STUDY MATERIAL —
%%

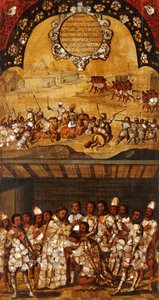 A Conquista do México, Painel XIX, c.1696-1715 (pintura sobre madeira) de Miguel Gonzalez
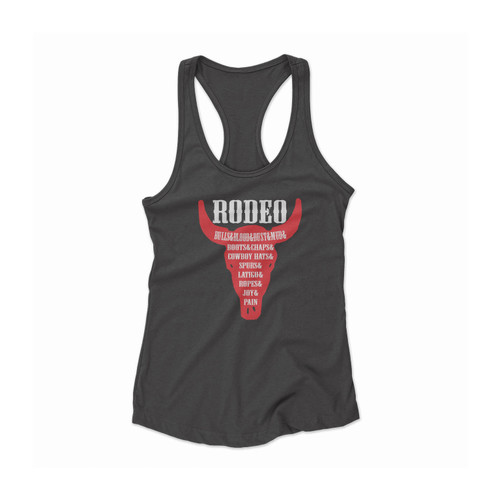 Rodeo Bulls Skull Country Bull Horns Women Racerback Tank Top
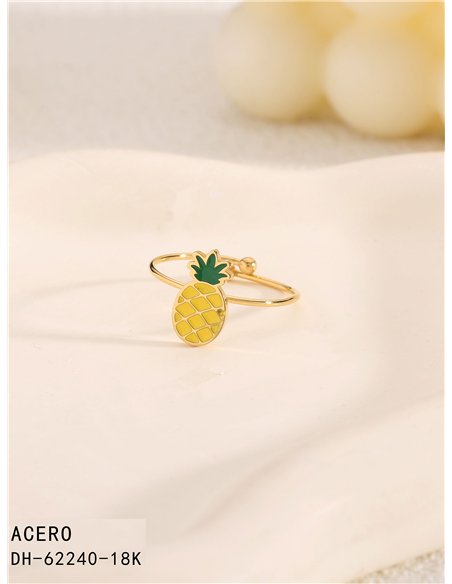 Enameled pineapple ring - Stainless Steel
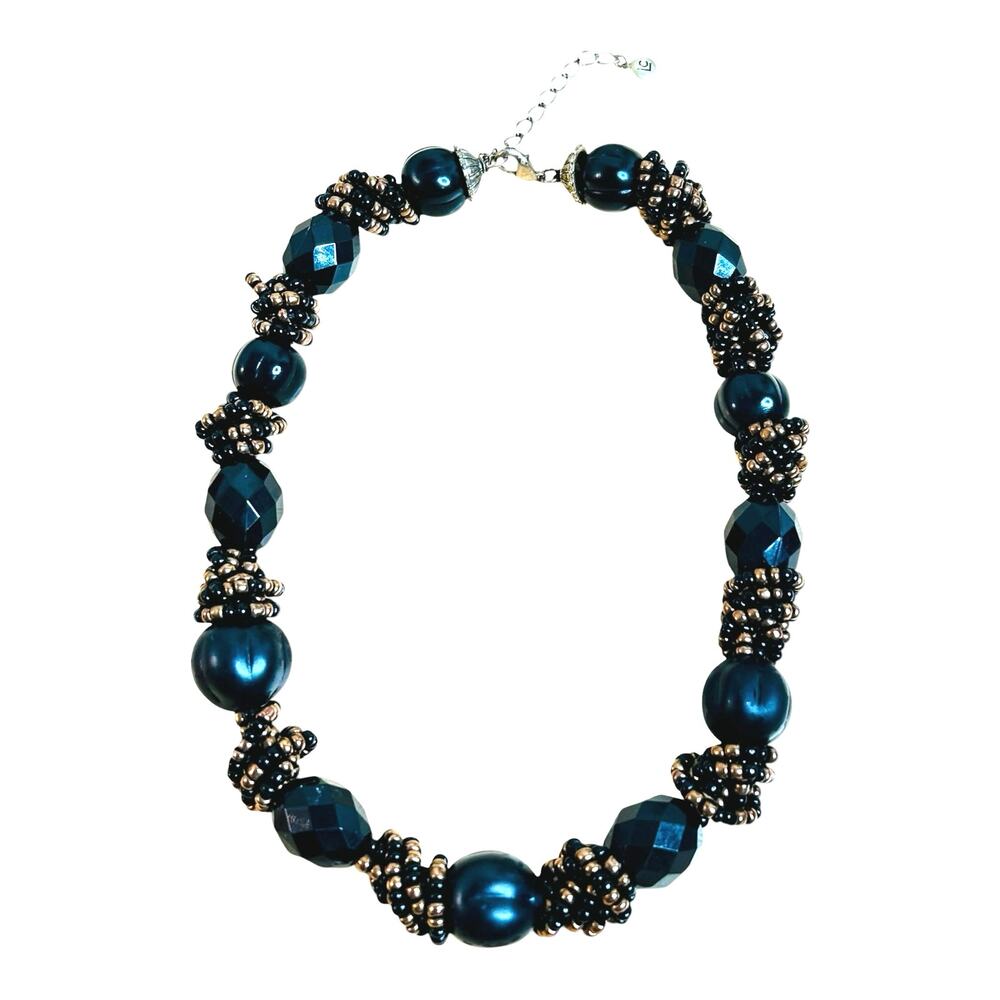 Liz Claiborne Signed LC Black Gold Chunky Beaded Statement Choker Necklace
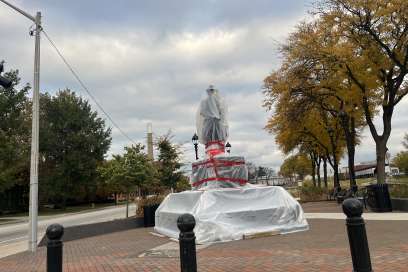 Hiram Walker Sculpture Temporarily Covered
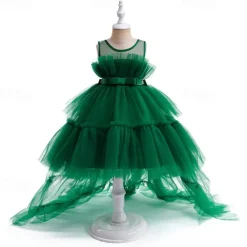 Kids Girls' Party Dress Solid Color Sleeveless Performance Wedding Party Tie Knot Beautiful Sweet Polyester Asymmetrical Party Dress Swing Dress A Line Dress Summer 4 years+ Black White Pink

%%

WHAT IS EXPECTED — For this exercise, return the material word for word and drop each image.

SOLUTION FOR THIS TASK —
 A Conquista do México, Painel XIX, c.1696-1715 (pintura sobre madeira) de Miguel Gonzalez
 Rodeo Bulls Skull Country Bull Horns Women Racerback Tank Top
 Enameled pineapple ring - Stainless Steel
 Liz Claiborne Signed LC Black Gold Chunky Beaded Statement Choker Necklace
 Hiram Walker Sculpture Temporarily Covered
 Kids Girls' Party Dress Solid Color Sleeveless Performance Wedding Party Tie Knot Beautiful Sweet Polyester Asymmetrical Party Dress Swing Dress A Line Dress Summer 4 years+ Black White Pink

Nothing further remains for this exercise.